First, PCE instructors here, who teach hundreds annually, tell service members who give regular lessons to take an instructor course. The military offers many programs that vary in the qualifications they provide.

The training center offers a basic, two-week Instructor Certification Program for Airmen, which is popular with aircrew flight equipment personnel, firefighters, security forces, equal opportunity managers and others.

The instructors offered these five reasons for developing a lesson plan:

1. You hit your objective

You may know what you want to say, but a written objective ensures that you cover the critical topics you want students to walk away with, despite off-topic discussion or questions.

"The biggest mistake many make is that they believe they can shoot from the hip because they know their topic so well," said Smeltzer.

Ask yourself, "What is it that I want students to remember?" Write it out, like this: The objective of this lesson is for each student to comprehend the benefits of a zombie preparedness plan.

2. You have a strategy

Like any good military operation, you need a strategy. Instructors use a strategy statement, which describes what they're talking about, why they selected their main points, and how they intend to present each main point.

If you're the type who never reads the assembly instructions or manual, this is the moment you really need to follow the directions, said Smeltzer.

"It's your game plan," said Smeltzer. "It describes how all the pieces are going to connect."

3. You know exactly what to say

There's few other moments as awkward as being tongue-tied before a full classroom. Especially when your boss and your subordinates are watching.

How will you start your lesson? Do you have an introduction? Can you describe why your lesson is important? What will you say in your overview or during your main points?

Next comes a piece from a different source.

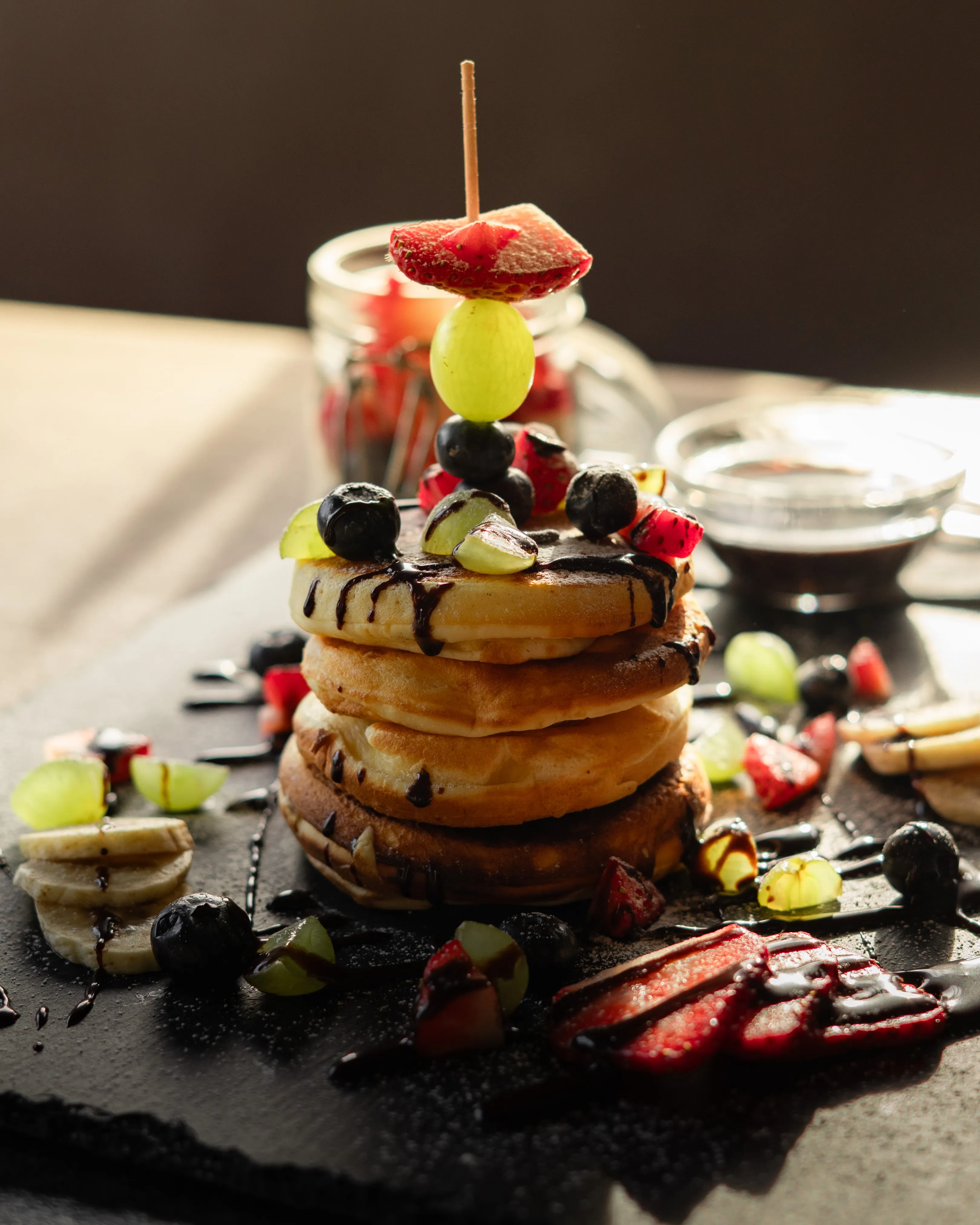 Pancake-Turm mit frischen Beeren, Banane und Schokosauce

What will you say to transition between them?

Again, instructors said that your expert knowledge of a topic here will not guarantee a good lesson. You increase the odds for success when you write out what to say in the classroom, word for word.

You can keep the lesson plan in your hand or atop a podium, since reading from slides turns your back to the class and weakens interaction and timing, said Smeltzer.

There's also a gamble to consider when relying solely on overhead projectors and computers. If there's a system outage, it might happen during your class.

Smeltzer said that using visual aids like PowerPoint to compliment your lesson is a good idea, but take time to scrutinize any visuals, and redesign them when they fail to follow your strategy and objective.

4. You anticipate questions

Good lesson plans formulate and anticipate interactivity during the lesson, said Dustin Russell, a prior Air Force maintainer and a former high school English teacher who now certifies Air Force instructors as an instructional systems specialist.

"The heart of any education or good learning comes from good questioning," said Russell. "The whole point is to get them thinking about your topic."

A presentation slide with 20 bullet statements, five multi-colored arrows and a picture of your cat takes more time to decipher than asking the class, simply: "What is the Fire Triangle?"

Russell said that if instructors ask the right questions - those related to their main points - they will stay on topic and meet the lesson objective.

"Ideally, if you're formulating good questions and not just reading a PowerPoint throughout, there should not be many questions at the end of the lesson, because you already answered them," said Russell.

5. You save time

If you're interested in reducing staffing requirements, an initial time investment in a well written lesson plan is the way to go, said Russell.

"What I like to pass on in class is that, if you're reassigned, someone else can step right in and teach that lesson," said Russell. "They will know what you wanted to get out of that lesson, because they don't need to figure all the material out again."

"Even if you are the expert, if you sit down and write it all out, it really makes you think, 'why am I teaching this ... and why am I doing it this way and what would be a good question to ask here,' and think those things through, rather than winging it with a PowerPoint," said Russell.